Vladimír Dedecˇek, one of the most controversial figures in slovakian post-war architecture, favoured by the regime and credited with most representative public buildings, has never bothered much with such comfortable interiors, something many colleagues have sharply criticized him for. His National Gallery with its sluggish building process and its difficult exhibition spaces is certainly the least popular building of its time and has been facing demolition more than once. In 2003, a competition for reconstruction was held, but the renovation proved too costly, and the museum is still falling into decay. Justified criticism aside, there is an undeniable fascination and strong clarity to Dedecˇek's cubist monuments like the National Archive and the Trade Fair complex in Bratislava. All of them vary his approach of arranging façade openings into strong horizontal lines with sharp contrasts of light and shadow, which are layered, bent and merged and, in the case of the National Gallery, bundled together to form a bridge spanning 70 metres between the two side wings of a 17th century courtyard.
Sadly, more and more of these buildings have been demolished or "renovated to death" in recent years, being identified with an authoritarian regime and regarded as unwanted relics from the past. Most attempts at preservation are swept aside by the dynamics of the Market, and the sellout of inner city sites crucial for Bratislava's urban development continues unabatedly. It is the lack of cultural conscience that, according to Svetko, prevents an objective debate about the architectural heritage from the 1960s and 70s. "For the ability to discuss, we still need at least two generation's worth of democratic experience".

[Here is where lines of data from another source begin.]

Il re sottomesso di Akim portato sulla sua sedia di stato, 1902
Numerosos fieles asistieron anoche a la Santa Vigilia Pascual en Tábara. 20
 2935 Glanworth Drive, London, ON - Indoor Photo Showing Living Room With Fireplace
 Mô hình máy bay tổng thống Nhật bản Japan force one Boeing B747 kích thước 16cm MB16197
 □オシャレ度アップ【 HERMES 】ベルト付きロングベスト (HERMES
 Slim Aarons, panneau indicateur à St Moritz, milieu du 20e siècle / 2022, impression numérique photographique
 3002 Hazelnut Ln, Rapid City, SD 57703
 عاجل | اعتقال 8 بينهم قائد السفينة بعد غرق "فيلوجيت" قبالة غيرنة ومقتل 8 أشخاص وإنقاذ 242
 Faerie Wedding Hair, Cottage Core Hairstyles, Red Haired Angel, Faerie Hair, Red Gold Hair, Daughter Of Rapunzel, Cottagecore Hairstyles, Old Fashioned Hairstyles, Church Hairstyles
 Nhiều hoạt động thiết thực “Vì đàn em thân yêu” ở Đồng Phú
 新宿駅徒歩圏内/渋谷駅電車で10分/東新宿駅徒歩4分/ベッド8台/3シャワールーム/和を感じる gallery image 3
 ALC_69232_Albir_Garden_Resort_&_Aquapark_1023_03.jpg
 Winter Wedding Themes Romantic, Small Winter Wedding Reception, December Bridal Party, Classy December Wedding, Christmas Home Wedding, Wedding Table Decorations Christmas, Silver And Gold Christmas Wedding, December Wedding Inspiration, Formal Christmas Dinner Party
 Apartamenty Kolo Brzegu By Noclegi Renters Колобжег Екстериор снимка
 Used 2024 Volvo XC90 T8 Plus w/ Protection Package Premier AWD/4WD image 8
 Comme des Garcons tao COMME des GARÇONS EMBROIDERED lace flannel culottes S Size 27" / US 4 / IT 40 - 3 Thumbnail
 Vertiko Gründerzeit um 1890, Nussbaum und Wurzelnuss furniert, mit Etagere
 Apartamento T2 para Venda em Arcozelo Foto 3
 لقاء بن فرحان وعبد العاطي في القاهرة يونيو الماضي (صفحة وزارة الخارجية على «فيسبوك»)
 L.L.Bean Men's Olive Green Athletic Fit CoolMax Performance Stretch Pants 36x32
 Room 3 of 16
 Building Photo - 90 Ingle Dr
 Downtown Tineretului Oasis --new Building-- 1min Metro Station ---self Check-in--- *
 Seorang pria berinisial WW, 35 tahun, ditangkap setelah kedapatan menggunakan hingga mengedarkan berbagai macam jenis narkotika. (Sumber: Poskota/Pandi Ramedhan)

The Broadcasting Company plans to move out of Svetko's building, the Hotel Kyjev faces thorough reconstruction, the gorgeous restaurant hovering over the River Danube in the UFO-shaped "head" of the SNP bridge has been refurbished, its original interior with its James Bond movie atmosphere is now lost. But despite all these losses, the exterior shells in all their logo-like imagery remain the rough monuments they were - the initial 1960s concept of public buildings implanted into the urban fabric, or "raisins in the cake", as Svetko puts it, is still valid today. Aliens in a world of corporate westernized standard design and mirrored-glass mediocrity, they remain persistently present in the city. Crossing the river from the suburb of Petrzalka into the historic centre, with the SNP bridge's pylons in the sky blending with the boxy silhouette of Bratislava Castle behind it, one feels that they are already firmly ingrained in Bratislava's iconography.